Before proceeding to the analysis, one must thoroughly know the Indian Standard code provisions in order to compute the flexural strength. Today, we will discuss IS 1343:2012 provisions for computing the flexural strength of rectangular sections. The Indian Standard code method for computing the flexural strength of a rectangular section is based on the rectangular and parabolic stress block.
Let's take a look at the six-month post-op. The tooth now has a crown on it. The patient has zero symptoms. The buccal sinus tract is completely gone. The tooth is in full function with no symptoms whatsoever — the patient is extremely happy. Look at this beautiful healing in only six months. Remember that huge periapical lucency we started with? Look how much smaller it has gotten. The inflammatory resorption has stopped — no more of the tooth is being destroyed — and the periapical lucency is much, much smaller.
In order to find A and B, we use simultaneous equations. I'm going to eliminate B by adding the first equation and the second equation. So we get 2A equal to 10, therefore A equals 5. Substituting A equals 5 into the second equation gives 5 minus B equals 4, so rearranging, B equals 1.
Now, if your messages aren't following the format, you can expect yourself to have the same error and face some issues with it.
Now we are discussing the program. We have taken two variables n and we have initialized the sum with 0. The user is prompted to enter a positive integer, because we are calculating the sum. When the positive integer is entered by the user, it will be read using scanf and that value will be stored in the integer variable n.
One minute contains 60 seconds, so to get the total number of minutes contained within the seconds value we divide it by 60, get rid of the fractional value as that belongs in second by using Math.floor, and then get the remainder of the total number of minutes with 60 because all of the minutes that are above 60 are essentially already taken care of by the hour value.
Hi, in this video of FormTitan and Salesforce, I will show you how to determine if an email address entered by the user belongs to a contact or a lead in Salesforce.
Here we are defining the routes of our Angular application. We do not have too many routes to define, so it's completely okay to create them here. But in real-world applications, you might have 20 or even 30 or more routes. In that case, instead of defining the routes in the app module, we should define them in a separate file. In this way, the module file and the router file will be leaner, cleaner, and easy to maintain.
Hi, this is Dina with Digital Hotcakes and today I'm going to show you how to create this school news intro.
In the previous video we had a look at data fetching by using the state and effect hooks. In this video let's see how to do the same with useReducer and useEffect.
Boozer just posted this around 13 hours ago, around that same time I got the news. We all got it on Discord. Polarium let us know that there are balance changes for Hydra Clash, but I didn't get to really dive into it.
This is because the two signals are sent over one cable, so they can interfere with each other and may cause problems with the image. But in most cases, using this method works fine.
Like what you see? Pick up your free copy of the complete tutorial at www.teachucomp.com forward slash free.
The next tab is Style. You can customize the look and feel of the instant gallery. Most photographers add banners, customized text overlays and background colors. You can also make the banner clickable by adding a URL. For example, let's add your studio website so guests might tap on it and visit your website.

******************************

* [Exercise aim]
In the listing above, the lines from the one containing "Boozer just posted" through the one containing "Like what you" must be set down exactly, with no other lines.

* [Answer to the problem]
Boozer just posted this around 13 hours ago, around that same time I got the news. We all got it on Discord. Polarium let us know that there are balance changes for Hydra Clash, but I didn't get to really dive into it.
This is because the two signals are sent over one cable, so they can interfere with each other and may cause problems with the image. But in most cases, using this method works fine.
Like what you see? Pick up your free copy of the complete tutorial at www.teachucomp.com forward slash free.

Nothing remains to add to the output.